In a similar manner to the inflection points from my earlier football simulations, certain values for the factor make the potential points jump between values as teams losing teams win and winning teams lose at certain rounds, only to be swept away at higher rounds. This leads to a high sensitivity of the final potential points to small changes in the game spread factor. An earlier plot shows that the 50% median value for the potential points was 631 and that 90% of the years had total pool points of less than 796. With this in mind I set the factor to 2.33, just below the first step change from 665 to 845 and then I examined the pool for reasonableness according to the statistics shown above. One caution with this model is that it might allow improbable events like too low a seed to make it through to a high round, so I used it merely to cause me to push the limits on upsets.

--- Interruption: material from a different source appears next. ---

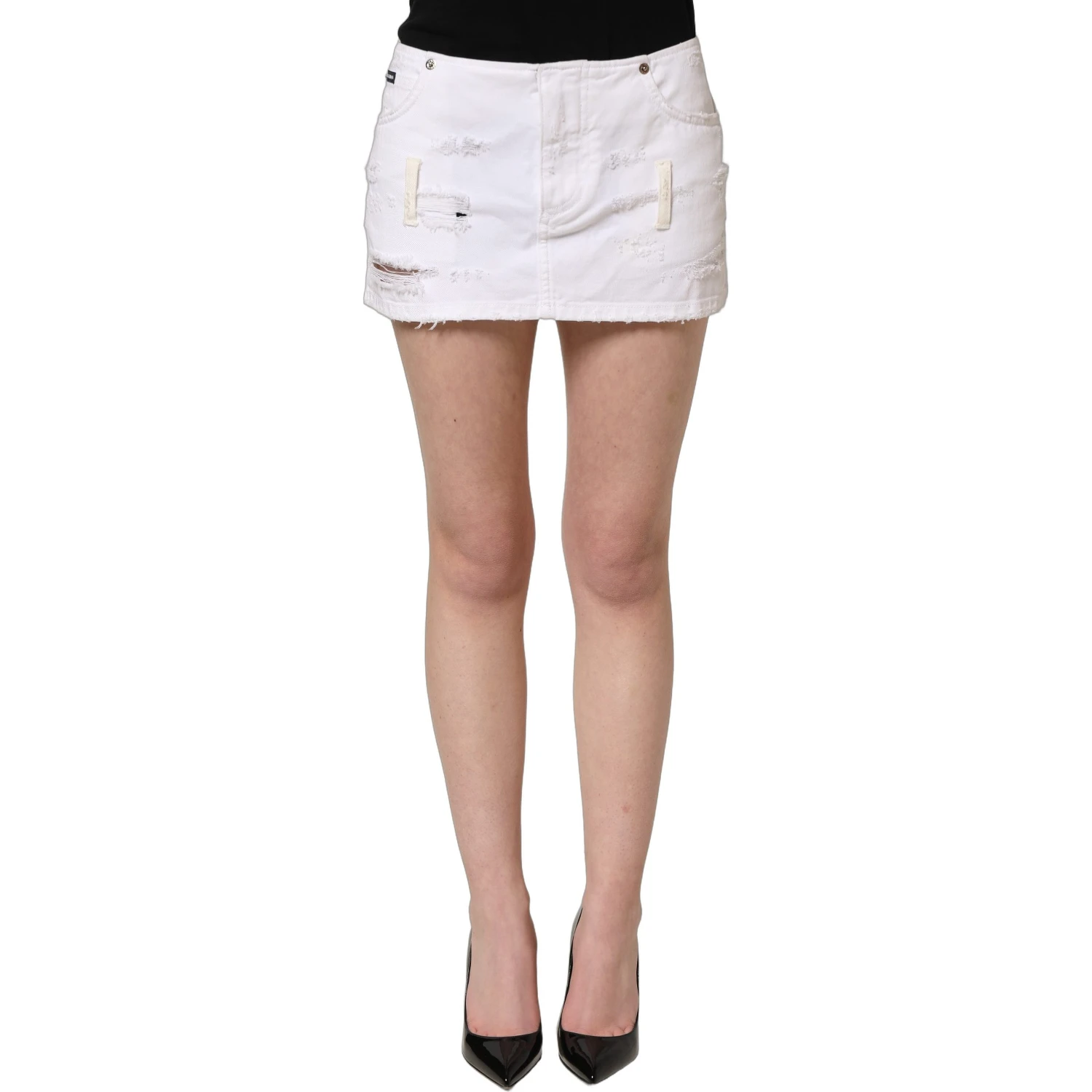 White Distressed Cotton Denim Mini Skirt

All that being said, be aware that on any day, any given team can beat any other, thus the format of March Madness is given to upsets and surprises and picking a bracket is still as much luck as skill. These models are an attempt to quantify this uncertainty and use it to drive bracket picks that will take advantage of luck, upsets and surprises when they occur.


Anonymous said...

Can we see your bracket?

Anonymous said...
This comment has been removed by a blog administrator.
Richard said...

Sorry no gratuitous bad language on the blog. I imagine that the second anonymous commenter was expressing disbelief at the amount of work that went into the post and thus I will take the comment as a compliment.

Bex said...

This post is one of the reasons I love my brother so much...this just proves that being smart is COOL! And I am completely serious.

Keep up the stats, they really are fun. Granted, being of complete average intellegence, it's still enjoyable for me...even if I do have to re-read some paragraphs (hee, hee)